(Data extract Opens)

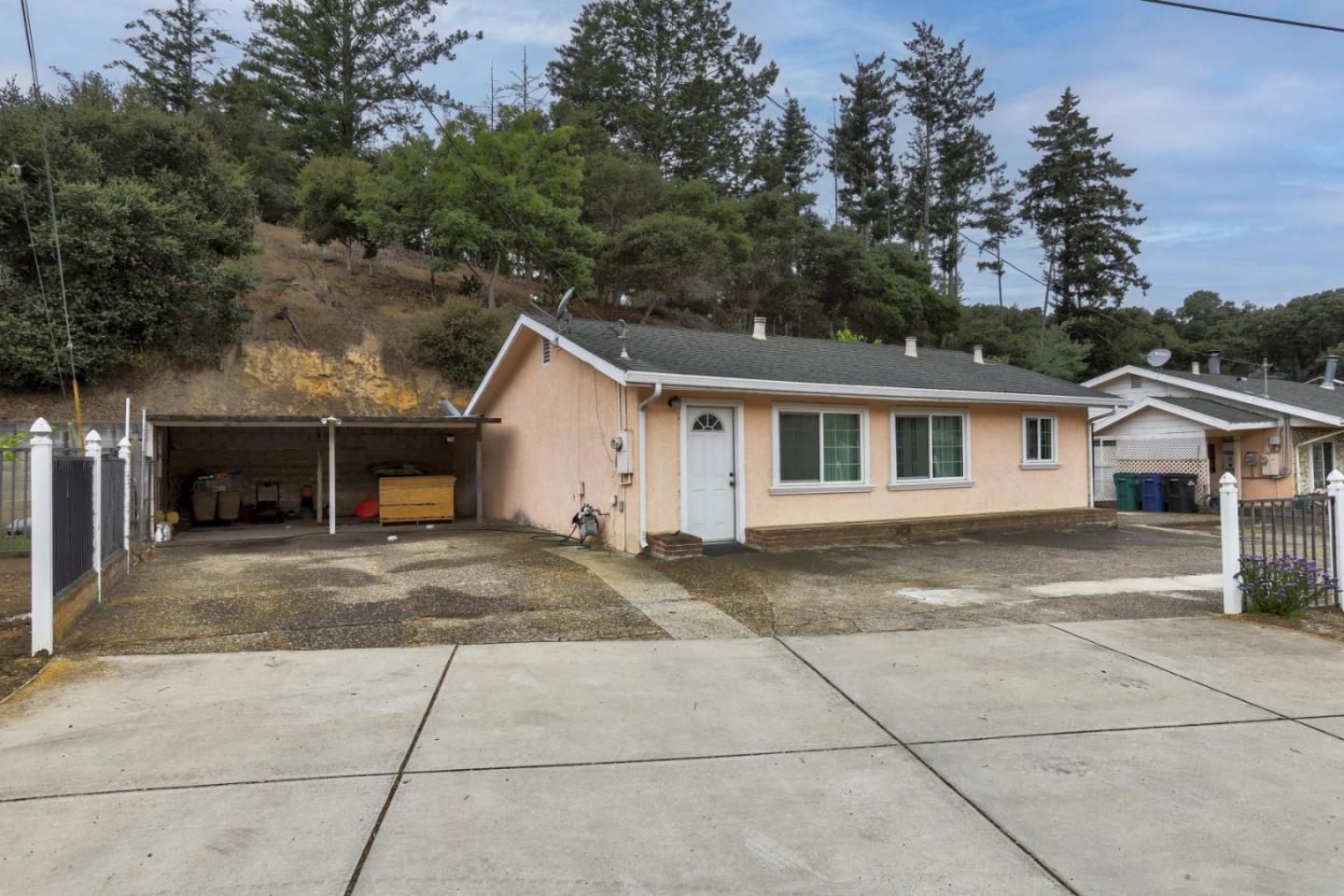 746 Echo Valley Road Salinas, CA 93907 - Photo 7 of 54 a view of a house with a patio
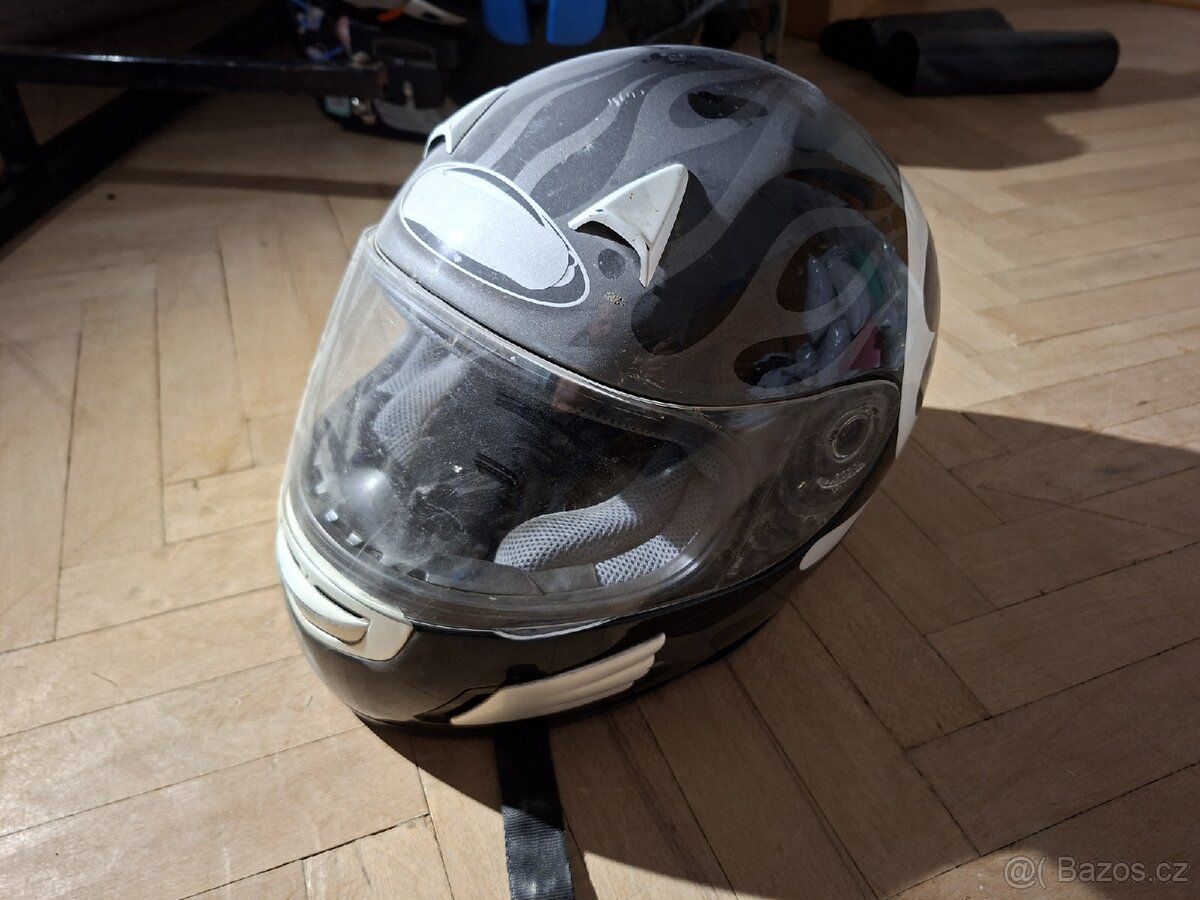 Helma na motorku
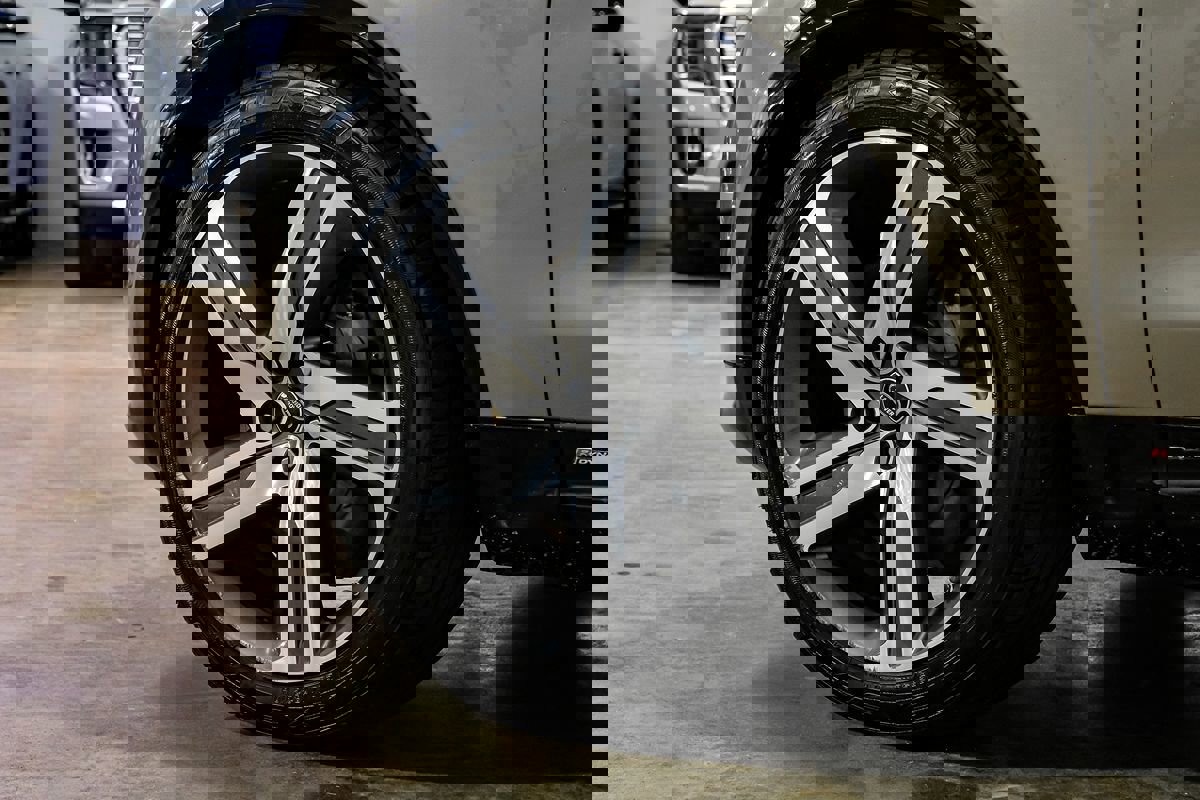 Used 2021 Land Rover Discovery HSE R-Dynamic AWD/4WD image 54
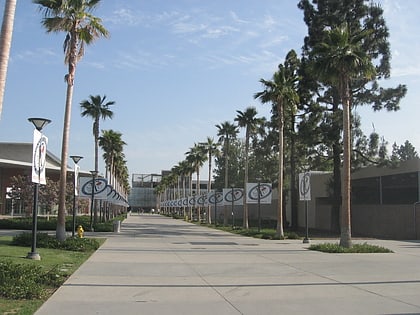 Universidad Estatal de California en Fullerton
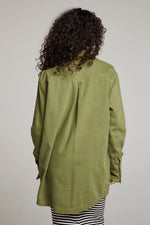 Load image into Gallery viewer, Chaser Sweet Pea Sphagnum Button Up
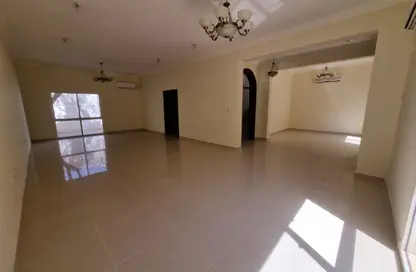 Villa - 4 Bedrooms - 4 Bathrooms for rent in Old Airport Road - Old Airport Road - Doha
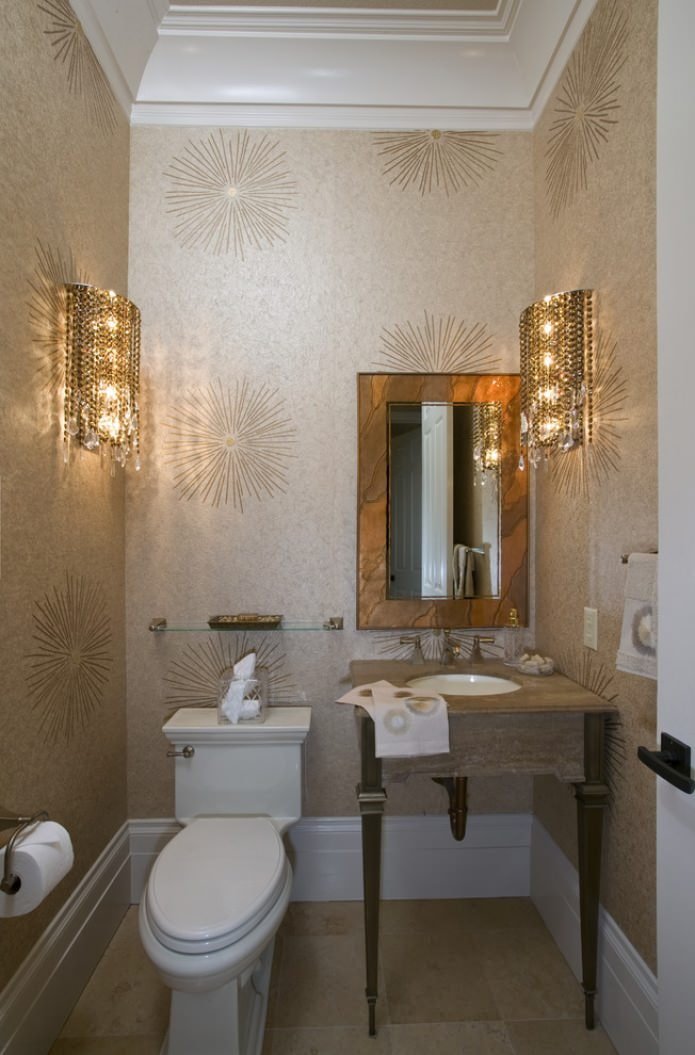 wandlampen aan de muren in het toilet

(Data extract Closes)

_Your goal_
Retype every entry exactly as written, but omit the pictures.

_Task output_
 746 Echo Valley Road Salinas, CA 93907 - Photo 7 of 54 a view of a house with a patio
 Helma na motorku
 Used 2021 Land Rover Discovery HSE R-Dynamic AWD/4WD image 54
 Universidad Estatal de California en Fullerton
 Load image into Gallery viewer, Chaser Sweet Pea Sphagnum Button Up
 Villa - 4 Bedrooms - 4 Bathrooms for rent in Old Airport Road - Old Airport Road - Doha
 wandlampen aan de muren in het toilet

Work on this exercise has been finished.